Jadi, tak selamanya kegagalan pendidikan formal menjadi penyebab primer kenakalan. Malah bila dikaji lebih jauh lagi, pendidikan agama Islam ini akan absolut sukses jika dimulai dari pendidikan dalam keluarga. Kehidupan beragama dan haromis dalam keluarga.

Bagaimana orang tua harus dapat memberi contoh ketaatan dalam beribadah. Bagaimana orang tua harus mencontohkan bertutur kata dengan orang lain atau dengan seorang anak. Bagaimana orang tua memberi sanksi kepada anaknya. Bagaimana orang tua harus meminta maaf ketika berbuat kesalahan. Bahkan, itu harus dilakukan kepada anak sendiri.



Pendidikan Agama Islam Sedini Mungkin

Pendidikan agama Islam mesti dilakukan sejak dini. Dimulai dari keluarga dan dilanjut ke lingkungan formal sekolah ataupun pondok. Jelas biji kebaikan nan kita tanam pada sang anak akan tumbuh menjadi pohon kebaikan nan kokoh dan dapat menghasilkan lagi buah-buah nan berguna buat umat masyarakat.

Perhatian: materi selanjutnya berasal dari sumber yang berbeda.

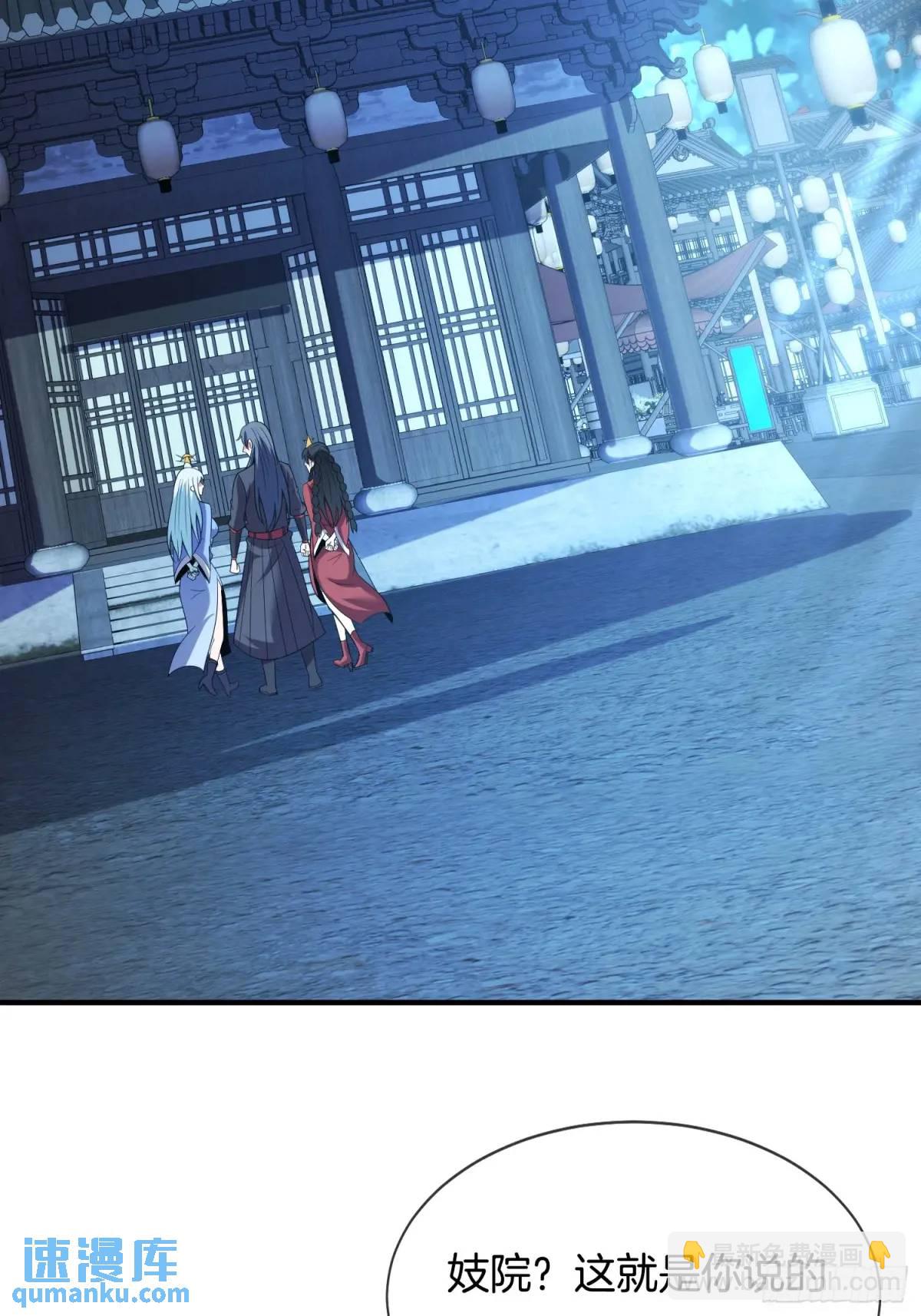 第76话 仙族之中，再无王家(1/2)-第77话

Bila memiliki anak berakhlakul karimah, nan pertama kali senang ialah orang tua sebab sudah telanjur ada janji bahwa amal seseorang tak akan pernah putus bila memiliki anak soleh nan mau mendoakan. Anak soleh tentu nan berakhlakul karimah, tentu akan taat agama dan mau mendoakan orang tua.

Rutinitaslah nan krusial dalam pendidikan agama Islam di lingkungan formal seusai pendidikan dalam keluarga, seperti nan ada dalam lingkungan pondok pesantren. Seorang santri harus disiplin betul dalam beribadah. Tentu Norma ini akan dibawa seusai pendidikan dari pondok.

Jika pendidikan agama Islam tak dibarengi pelaksanaan rutinitas, tentu peserta didik akan pandai dan cakap dalam berbicara tentang agama. Namun, tak dapat menerapkan dalam kehidupan sehari-hari.



Pendidikan Agama Islam di Yogyakarta

Di Kota Yogyakarta, beberapa sekolah dari jenjang sekolah dasar sampai sekolah menengah atas dijadikan model dalam penerapan Pendidikan Agama Islam berbasis afeksi. Sekolah-sekolah nan dijadikan model dalam penerapan Pendidikan Agama Islam (PAI) ialah SMA Negeri 3, SMA Negeri 5, SMA Negeri 8, SMP Negeri 8, SMP Negeri 9, SMP Negeri 10, SD Negeri Giwangan, dan SD Negeri Glagah.

Sebelumnya, tercatat hanya tiga sekolah nan menerapkan Pendidikan Agama Islam berbasis afeksi, lalu ditambah lima sekolah lagi nan menerapkannya pada 2010. Sekolah-sekolah tersebut akan menjadi acuan sekolah lainnya di Yogyakarta dalam menerapkan model pembelajaran Pendidikan Agama Islam (PAI) berbasis afeksi. Dengan begitu, seluruh sekolah di Yogyakarta diharapkan sudah menerapkan Pendidikan Agama Islam berbasis kasih sayang pada 2011. Para siswa tak sekadar diberi materi pelajaran nan bersifat kognitif dalam Pendidikan Agama Islam berbasis afeksi, namun juga mencakup kasih sayang siswa sehingga akan menumbuhkan pencerahan baru.